CITATION: R. v. Sandhu, 2009 ONCA 102
DATE: 20090202
DOCKET: C43661
COURT OF APPEAL FOR ONTARIO
Laskin, Rouleau and Epstein JJ.A.
BETWEEN
Her Majesty the Queen
Respondent
and
Harpreet Singh Sandhu
Appellant
Vincenzo Rondinelli, for the appellant
Christine Tier, for the respondent
Heard: June 20, 2008
On appeal from the convictions entered on February 4, 2005 by Justice S.S. Seppi of the Superior Court of Justice, sitting with a jury.
Laskin J.A.:
A. INTRODUCTION
[1] The issues on this appeal arise out of allegations of spousal abuse over an extended period of time.
[2] The appellant, Harpreet Sandhu, and the complainant, Ms. Laveleet Sandhu, were married in 1996 in India. The complainant is a Canadian citizen, and she sponsored Mr. Sandhu’s immigration to Canada. The parties lived together in Ontario for six years, and had a daughter. However, in 2002, the marriage broke down, and the parties separated.

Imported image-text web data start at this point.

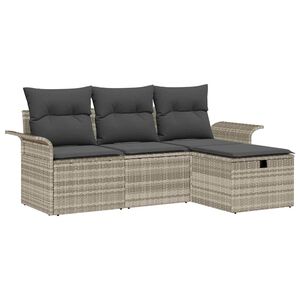vidaXL Conjunto de sof&aacute; de jard&iacute;n 4 uds. Gris Claro rat&aacute;n sint&eacute;tico
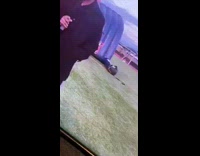 Recording of phone kid in background trips on slide news report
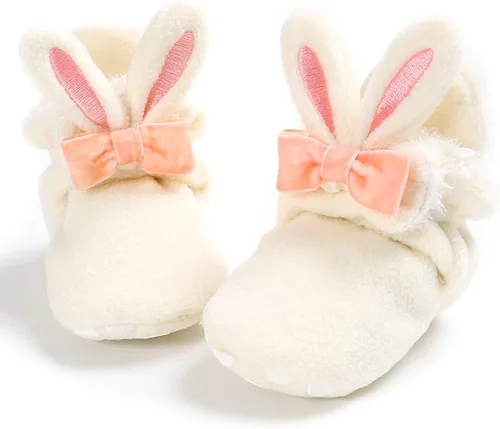 Miniatura 4 de TIMATEGO - Pantuflas tipo botines de felpa con suela antideslizante para recién nacidos, bebés, niños y niñas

[3] After separation, Ms. Sandhu went to the police and told them that her husband had physically and sexually abused her during their marriage, and had even threatened to kill her. He was then charged on a three-count indictment, which alleged that he:
• did unlawfully commit an assault on Laveleet Sandhu;
• did knowingly utter a threat to cause her death; and
• did unlawfully commit a sexual assault on her.
Each count spanned the years 1996 to 2002.
[4] Mr. Sandhu pleaded not guilty, and was tried before Seppi J. and a jury. The Crown’s theory was that Mr. Sandhu was not happy with his wife, that he wanted a younger and more beautiful woman, and that he had married the complainant solely to facilitate his and his parents’ immigration to Canada. The defence’s theory was that Ms. Sandhu was angry when the appellant left the marriage and had retaliated by fabricating these allegations against him.
[5] At trial, Ms. Sandhu testified that on numerous occasions during the marriage, Mr. Sandhu physically assaulted her and forced himself on her when she did not want to have sex. Mr. Sandhu testified, and denied the allegations.
[6] The jury acquitted Mr. Sandhu on the threatening death count, but found him guilty on the other two counts: assault and sexual assault. The trial judge sentenced Mr. Sandhu to a nine-month conditional sentence followed by one year of probation.
[7] Mr. Sandhu appeals his convictions. In support of his appeal he makes three submissions:
(1) The trial judge failed to instruct the jury about the improper use of evidence across counts;
(2) Count one (assault) and count three (sexual assault) infringe the single transaction rule; and
(3) The trial judge’s instructions on counts one and three compromised the requirement of jury unanimity.
B. THE INCIDENTS OF ASSAULT AND SEXUAL ASSAULT
[8] The complainant gave evidence of four incidents when Mr. Sandhu assaulted her and two incidents when he sexually assaulted her.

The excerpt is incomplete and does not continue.